[Opening INFORMATION section]
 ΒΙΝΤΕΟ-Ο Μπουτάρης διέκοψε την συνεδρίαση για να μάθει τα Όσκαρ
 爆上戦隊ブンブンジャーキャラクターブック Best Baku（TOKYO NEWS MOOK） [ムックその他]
[Closing INFORMATION section]
[Opening INFORMATION section]
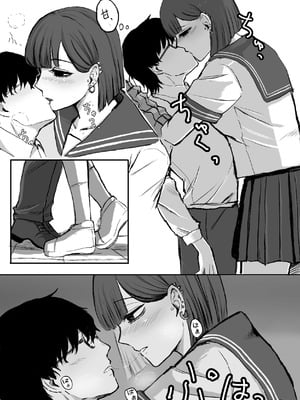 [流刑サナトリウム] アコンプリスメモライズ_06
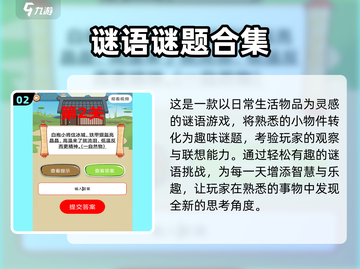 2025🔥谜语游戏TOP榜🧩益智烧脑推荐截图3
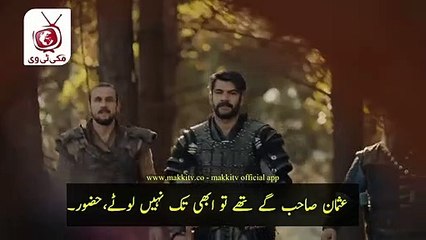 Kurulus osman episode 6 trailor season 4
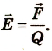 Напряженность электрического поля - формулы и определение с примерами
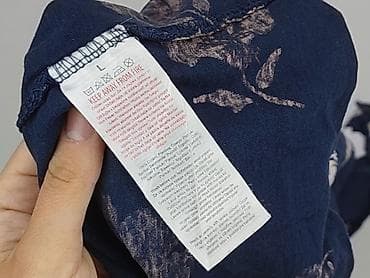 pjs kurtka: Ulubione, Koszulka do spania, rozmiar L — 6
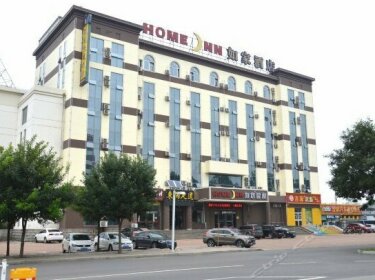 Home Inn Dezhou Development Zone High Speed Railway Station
[Closing INFORMATION section]
[Opening INFORMATION section]
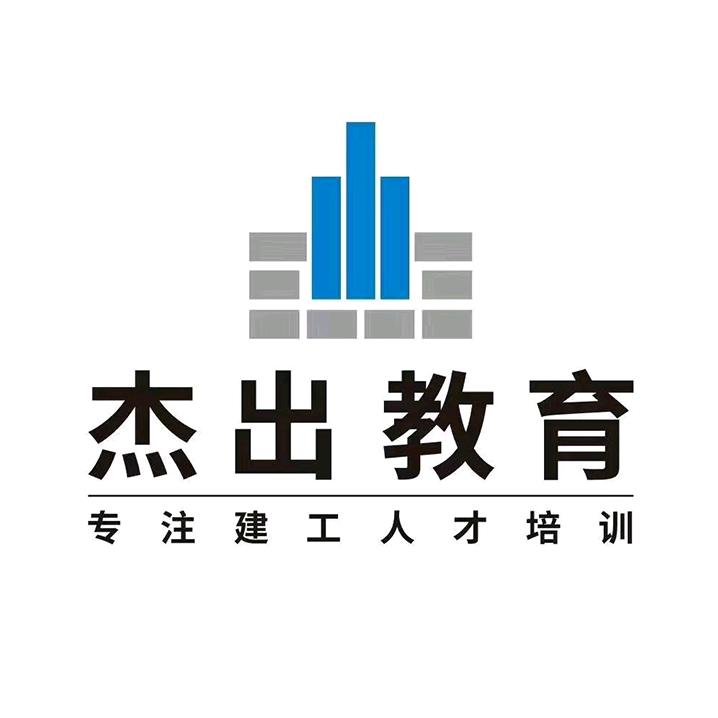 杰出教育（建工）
[Closing INFORMATION section]
What belongs in the answer is each line above from the line with "Kurulus osman episode 6 trailor season 4" to the line with "Home Inn Dezhou", inclusive, reproduced exactly and free of pictures.

 Kurulus osman episode 6 trailor season 4
 Напряженность электрического поля - формулы и определение с примерами
 pjs kurtka: Ulubione, Koszulka do spania, rozmiar L — 6
 Home Inn Dezhou Development Zone High Speed Railway Station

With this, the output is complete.